- Exercise objective
Exactly as written, return every line of the data below apart from the pictures.

- Information supplied

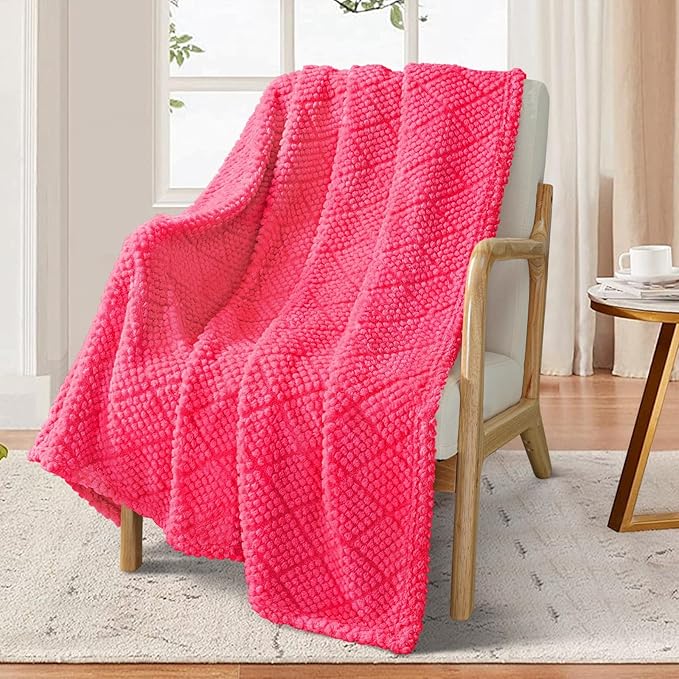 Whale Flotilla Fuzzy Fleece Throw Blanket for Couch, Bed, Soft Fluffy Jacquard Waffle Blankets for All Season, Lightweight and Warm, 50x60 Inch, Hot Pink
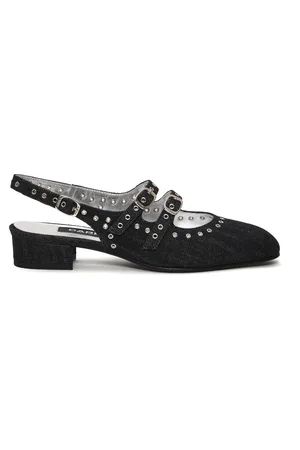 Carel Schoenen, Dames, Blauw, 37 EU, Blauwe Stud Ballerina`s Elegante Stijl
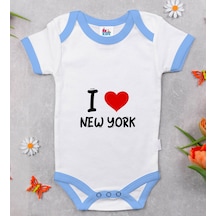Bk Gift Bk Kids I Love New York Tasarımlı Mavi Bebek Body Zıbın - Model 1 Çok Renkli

- Task solution
 Whale Flotilla Fuzzy Fleece Throw Blanket for Couch, Bed, Soft Fluffy Jacquard Waffle Blankets for All Season, Lightweight and Warm, 50x60 Inch, Hot Pink
 Carel Schoenen, Dames, Blauw, 37 EU, Blauwe Stud Ballerina`s Elegante Stijl
Bk Gift Bk Kids I Love New York Tasarımlı Mavi Bebek Body Zıbın - Model 1 Çok Renkli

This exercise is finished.